Ever since Strouhal’s discovery of Vortex Shedding Phenomenon in the circular cylinder in a flow field, the development of fluid mechanics in its theoretical deduction and application in engineering has shown significant growth. The study on the flow field of the surface of blunt body has remained one of the most popular research topics among the professionals. The key reason is its aerodynamic characteristics and the application in engineering fields such as aerospace engineering, civil engineering, construction, ocean engineering and measurement. The flow field of circular cylinder is a classic yet complicated question of fluid mechanics. Vortex Shedding Phenomenon, an oscillating flow occurred because of the cross interaction of vortices at the bottom of cylinder when the flows past the circular cylinder. The Vortex Shedding Phenomenon can be easily observed in our everyday life.
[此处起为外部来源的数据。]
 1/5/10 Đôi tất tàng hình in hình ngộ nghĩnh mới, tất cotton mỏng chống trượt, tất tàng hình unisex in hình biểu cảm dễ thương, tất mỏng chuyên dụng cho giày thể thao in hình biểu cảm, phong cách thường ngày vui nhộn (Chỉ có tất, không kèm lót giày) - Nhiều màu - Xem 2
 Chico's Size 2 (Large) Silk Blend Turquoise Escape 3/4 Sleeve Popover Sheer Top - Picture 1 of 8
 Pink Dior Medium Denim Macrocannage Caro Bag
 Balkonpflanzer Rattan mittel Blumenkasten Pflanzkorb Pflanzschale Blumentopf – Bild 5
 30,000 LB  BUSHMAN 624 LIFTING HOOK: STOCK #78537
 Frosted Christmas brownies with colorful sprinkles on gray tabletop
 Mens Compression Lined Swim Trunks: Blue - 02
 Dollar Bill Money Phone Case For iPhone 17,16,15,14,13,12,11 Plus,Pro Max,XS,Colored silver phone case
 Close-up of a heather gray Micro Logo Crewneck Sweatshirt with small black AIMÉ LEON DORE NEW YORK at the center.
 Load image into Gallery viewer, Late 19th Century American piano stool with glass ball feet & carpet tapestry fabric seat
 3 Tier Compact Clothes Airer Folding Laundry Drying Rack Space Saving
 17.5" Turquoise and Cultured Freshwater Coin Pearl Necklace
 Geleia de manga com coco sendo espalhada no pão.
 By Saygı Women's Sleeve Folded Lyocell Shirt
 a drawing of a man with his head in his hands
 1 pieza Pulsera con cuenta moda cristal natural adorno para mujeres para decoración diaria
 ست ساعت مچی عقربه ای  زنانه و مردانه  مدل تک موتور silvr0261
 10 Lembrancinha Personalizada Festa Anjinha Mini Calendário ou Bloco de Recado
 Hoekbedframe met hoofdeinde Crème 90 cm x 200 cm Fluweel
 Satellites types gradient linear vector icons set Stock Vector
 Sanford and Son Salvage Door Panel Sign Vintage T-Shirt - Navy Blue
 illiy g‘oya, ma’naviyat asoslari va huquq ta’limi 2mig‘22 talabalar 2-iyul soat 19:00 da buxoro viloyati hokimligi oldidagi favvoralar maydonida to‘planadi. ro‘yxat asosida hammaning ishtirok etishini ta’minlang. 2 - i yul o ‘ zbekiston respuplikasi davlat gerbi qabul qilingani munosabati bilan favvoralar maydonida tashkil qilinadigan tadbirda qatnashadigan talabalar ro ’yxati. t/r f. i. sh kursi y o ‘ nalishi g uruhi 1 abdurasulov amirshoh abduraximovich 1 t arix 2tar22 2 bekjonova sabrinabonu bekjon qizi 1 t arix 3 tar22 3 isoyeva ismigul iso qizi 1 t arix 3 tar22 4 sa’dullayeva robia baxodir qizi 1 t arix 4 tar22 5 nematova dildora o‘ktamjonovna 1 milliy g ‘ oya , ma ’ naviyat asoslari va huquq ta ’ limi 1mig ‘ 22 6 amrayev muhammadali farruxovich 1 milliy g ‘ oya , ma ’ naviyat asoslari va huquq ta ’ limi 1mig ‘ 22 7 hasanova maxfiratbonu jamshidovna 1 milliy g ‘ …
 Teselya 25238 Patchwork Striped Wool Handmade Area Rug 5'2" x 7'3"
For example, the swirling flow of air produced behind the airplane wings and the vibration of steel cables in electrical towers. Researchers have been working hard in recent years to suppress the phenomenon of vortex shedding. The research on reduction of vortex shedding phenomenon by adopting circular cylinder with silt has been studied for years. However, few researchers study the effect of changes of the angle of circular cylinder with silt on its flow field characteristics. Therefore, this research aims to investigate the phenomenon of vortex shedding being affected by the changes of the angle of circular cylinder with silt.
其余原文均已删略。